I think there are upsides and downsides to both approaches. Few people truly understand what they want to do at a young age so flexibility in degree choice makes sense; however, it is very understandable that in order to pursue a higher degree you should have previous training in that field. Regardless, Norway’s education system is world-renowned and the universities are especially good at teaching the math, science, engineering, technology, and business fields.

Never be late!

In my previous blog, I wrote about the importance of time management in US business culture; what I did not realize is that Norway pride’s itself on being one of the most punctual countries in the world. I found this out the hard way yesterday when I was two minutes late for an informal resume help meeting. In a follow-up email after our conversation, the person wrote “Next time, we can also talk about the topic of how Norwegians view the topic of being punctual”. When I asked my girlfriend, who is a HR coordinator, about this I was told very politely but very seriously “Norwegians pride ourselves on being on time. We are the second most punctual country in the world behind the Germans. We believe that if you are not on time, then you do not care”. It was a lesson that I will never forget. In the US, we are very timely but being delayed a few minutes is never a very big deal. Needless to say, I will be at least 15 minutes early for any meeting or business function from now on.

Job security

In Norway, it is quite difficult for an employer to fire an employee after the initial 3 month trial period. It is also uncommon for employees to be fired for under performing. Compared with the US, this is quite a novel concept. In the States, employees can be fired with almost zero notice, although 2 weeks is common notice. Although there must be proper grounds for firing an employee, job security is a key topic that is always at the back of Americans’ minds. It does make many of us work much harder, but it is also extremely stressful, especially if you have a family to support.

The Technoport Crowd

Bridging the income inequality gap

Norway ranks #1 in the world for overall equality, according to the Human Development Index, Norway also has some of the lowest paid CEOs in the world, in comparison with fellow employees. There is a much smaller gap between income classes in Norway and this translates into a much more overall feeling of equality. Compared to the United States, which has some of the most striking income gaps in the world, this is a new concept for me. I believe it enhances feelings of fairness, equality, and respect.

A casual workplace

In Norway, attire is generally more casual and working relationships are a bit more informal than in the United States. For instance, at my girlfriend’s company, she shares cake and soda with her coworkers and even the CEO on Fridays. In fact, the CEO sits at an open desk right next to her. This is quite a big difference from my working experiences in the US where CEOs work in plush corner offices down long, beautiful hallways guarded by security officers while most employees work in tightly crammed cubicles several floors below. Aside from banking and finance industries, casual attire is also common in most working environments.

Work-life balance

This is a key difference that sets Norway apart from the rest of the world. In the United States, we often feel like we live to work; in Norway, the approach is much more that people work in order to live. At first glance, Norwegian working hours appear somewhat lax, as normal business hours start and finish promptly from 0800-1600. In fact, you would be lucky to reach even a CEO after 1600. The truth of the matter, however, is that Norwegians are extremely efficient and task-oriented at work and when the working day ends, they are on to more important things such as family.

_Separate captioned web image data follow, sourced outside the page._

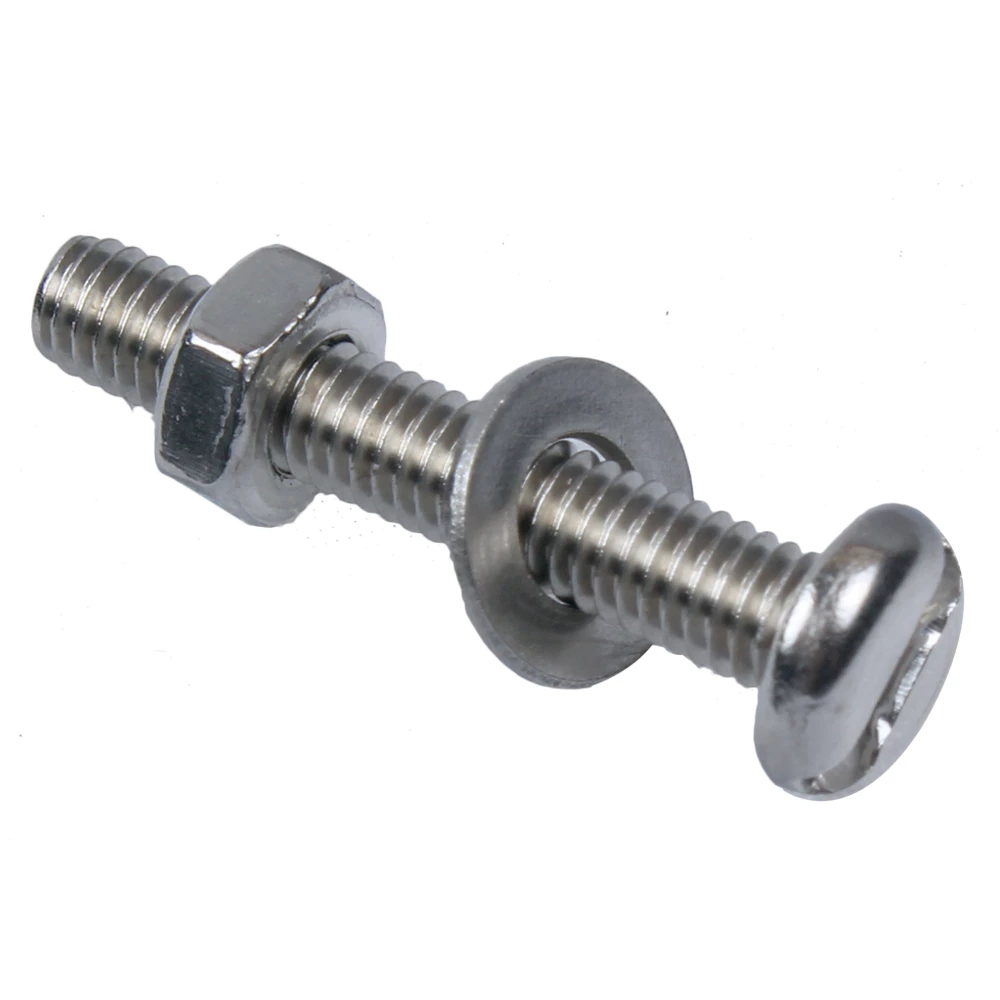 Force 4 Stainless Steel A4 Pan Machine Screw M10x50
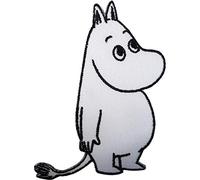 L'écusson Moomins Moomintroll Insigne brodé Fer à coudre sur les vêtements Sac de tee-shirt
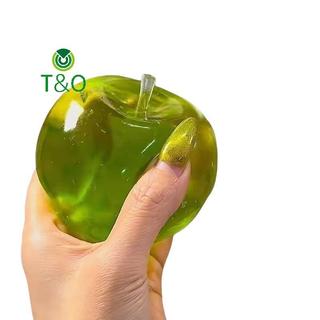 [T & O-t] 1 Cái Giảm Căng Thẳng Và Thông Hơi Giận Đồ Chơi Thần Tài Màu Xanh Lá Cây Nhựa Bóp Đồ Chơi Để Giảm Căng Thẳng Cho Bạn Bè [Mới]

In Norway, family takes a huge priority even at work. It is not at all uncommon for someone to leave work 30 minutes early regularly in order to pick their kids up from school or take them to sports practice. They also can use sick days to take care of children if needed. This is in stark contrast to business in the USA where you are expected to work your full day and find a sitter or nanny to take care of your children. Sporting events, gym memberships, health classes, event discounts, leadership classes, and team building exercises are also commonplace and widely offered to employees.

Parental leave, Norway v USA

In the USA, there is no paid parental leave required by law. Mothers and fathers may each take up to 12 weeks of unpaid leave. This often results in women who stay at work up until the baby is ready to be born and returning sometimes as soon as 1-2 weeks after giving birth. The physical and emotional stress that this can put on families is absolutely enormous. In Norway, on the other hand, parents get up to 12 months paid leave for 49 weeks at 100% salary or 59 weeks at 80% salary (split between them but there are some requirements).

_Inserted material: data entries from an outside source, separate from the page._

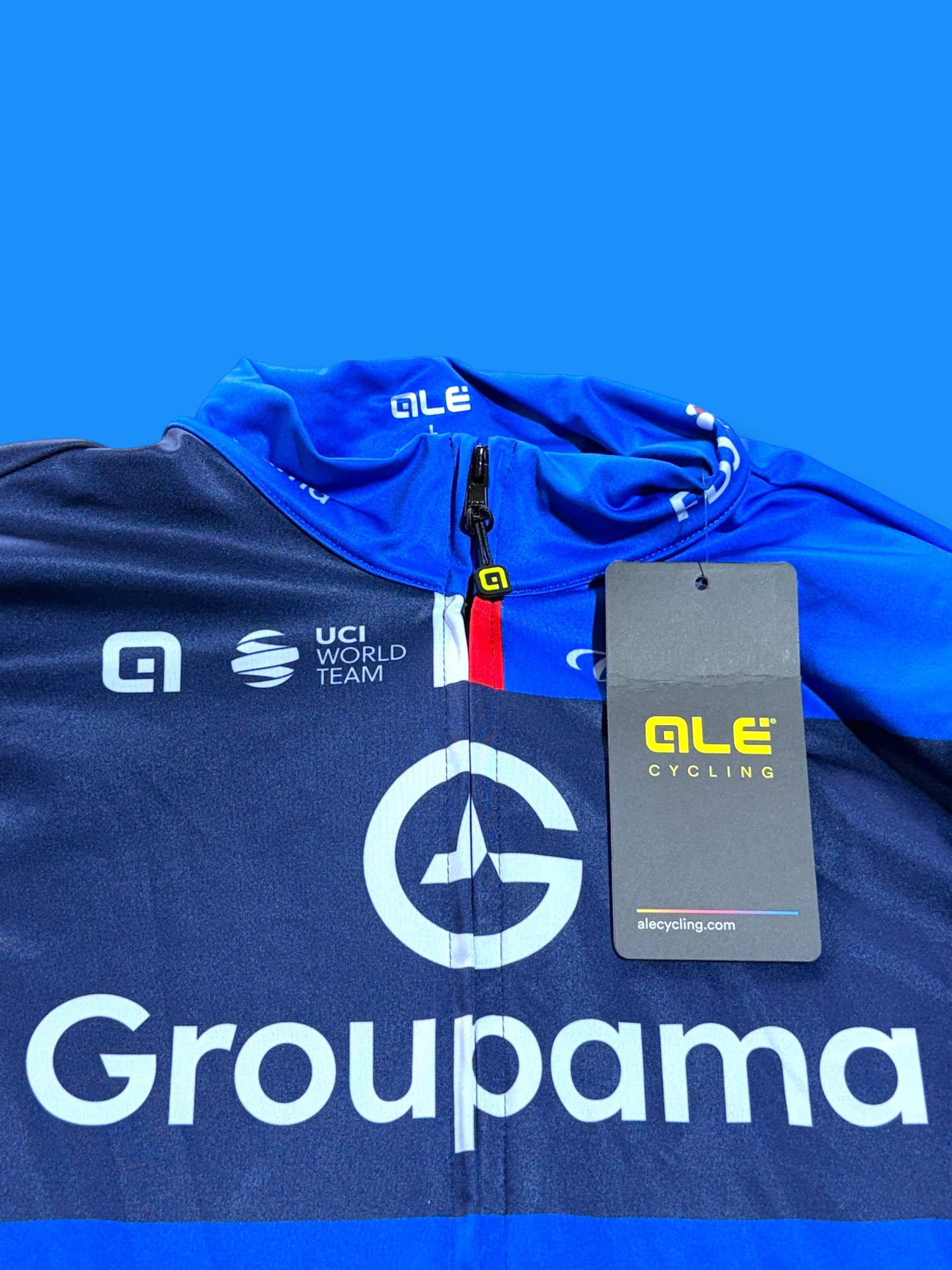 Long Sleeve Jersey Midweight|Ale|Groupama FDJ Francaise des Jeux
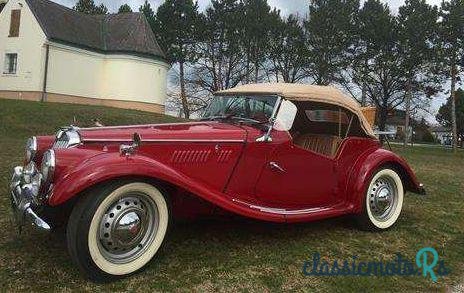 1954' MG Mg Tf photo #2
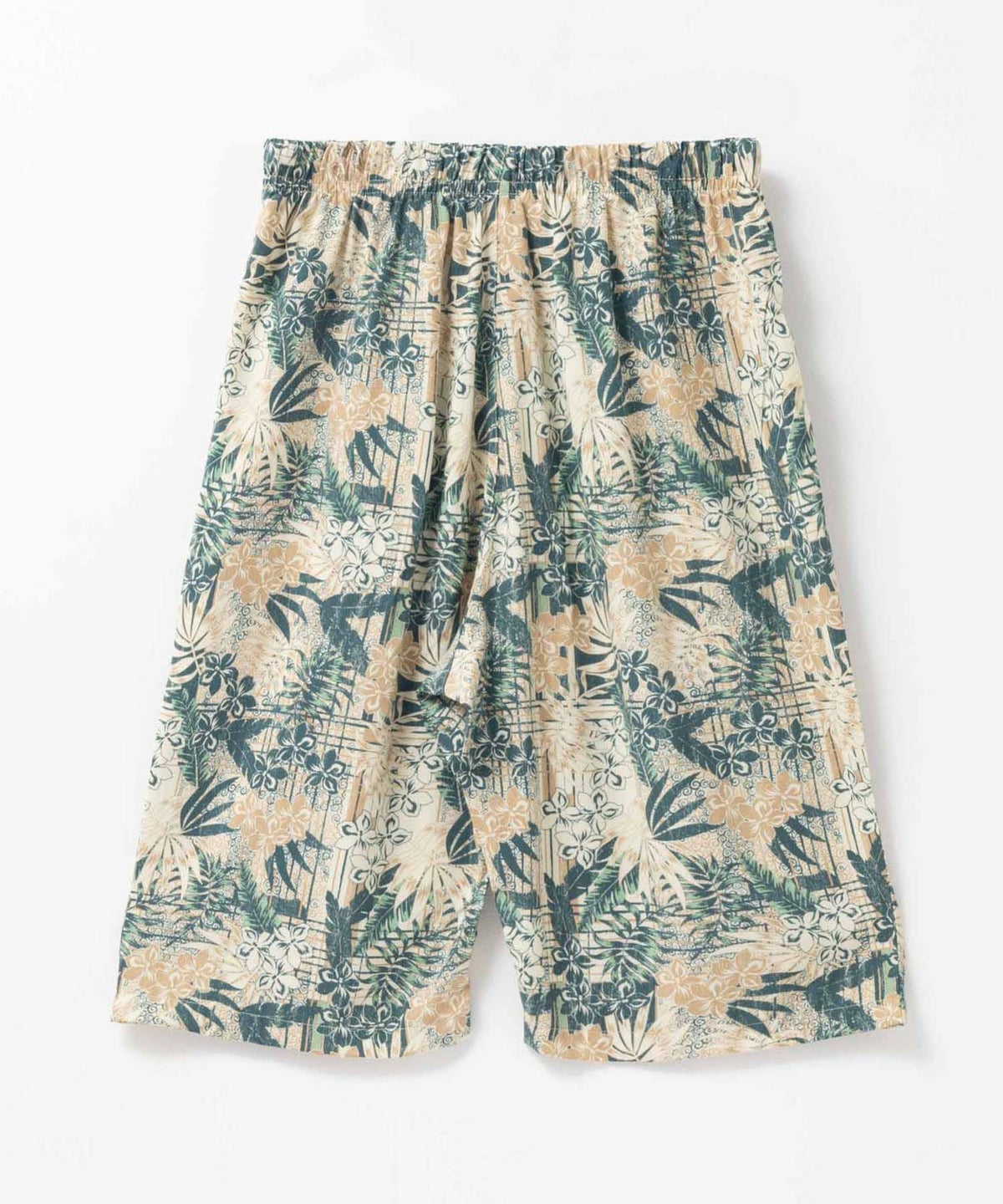 NAVY SARARI レーヨンステテコ 総柄 メンズ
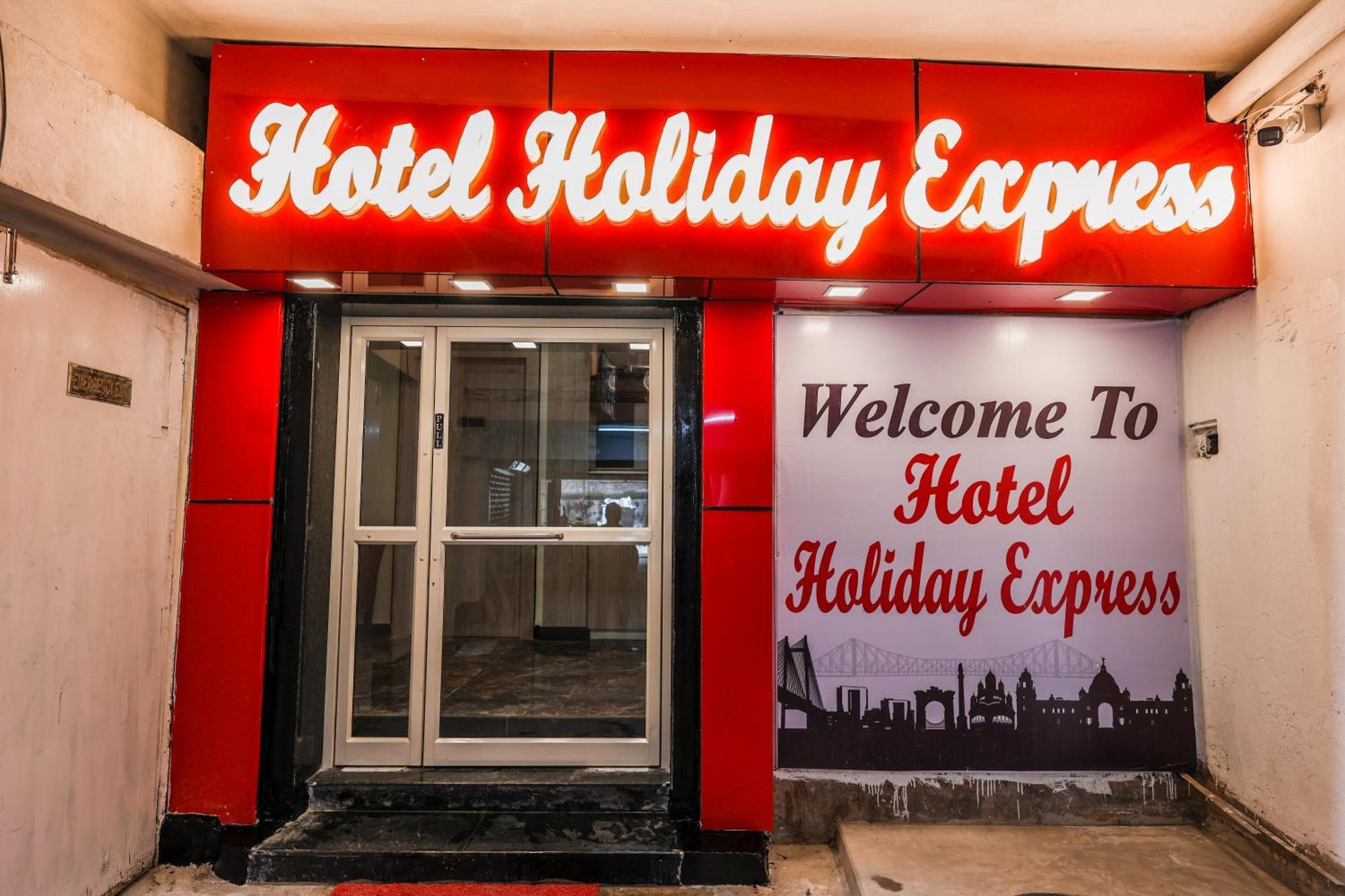 Hotel Holiday Express Calcutta Buitenkant foto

By law, the mother MUST take 9 weeks paid leave after the child is born and the father MUST take a total of 14 weeks paid leave before the child turns 3 years old. Employers are generally very respectful of the parents’ choice in how to use the rest of the paid leave days. To me, as an American, this is absolutely incredible that a country cares so much about the health and welfare of it citizens and children that such parental leave policies are in place. A standing round of applause for you, Norway.

Equality is essential

This is hands-down one of my favorite aspects of Norwegian culture. Norway is staunchly pro-equality and works very hard to promote fairness and general welfare in all aspects of life. This week I attended a conference entitled “hvor bled et av alle jente”, which means “where have all the women gone” in business roles. The topic focused on women in leadership positions and equality in the workplace. Representatives and panelists included members from a variety of different business industries. It focused on the leadership, innovation, quality of work, and spirit that women bring into the workplace. It is good to see so much open and healthy discussion on the importance that people of all genders, races, beliefs, and backgrounds bring into the workplace.

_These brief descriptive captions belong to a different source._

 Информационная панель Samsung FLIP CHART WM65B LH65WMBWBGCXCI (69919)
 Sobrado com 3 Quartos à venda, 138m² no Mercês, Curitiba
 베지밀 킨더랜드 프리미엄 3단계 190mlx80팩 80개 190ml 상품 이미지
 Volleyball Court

Although Norway is a primarily heterogeneous culture and very proud of their background and traditions, the lifestyle and business culture here is very open and welcoming to all people which allows the country to be a melting pot for diversity, thought leadership, understanding, and values.

gibortdagen (1)

Volunteering for all

In Norway, volunteering is a key aspect of work life. Many organizations encourage employees to volunteer in their local communities and will often allow some paid time off for those who wish to participate. Recently, I was introduced to one such idea that is put on here in Trondheim by Engasjert Byrå.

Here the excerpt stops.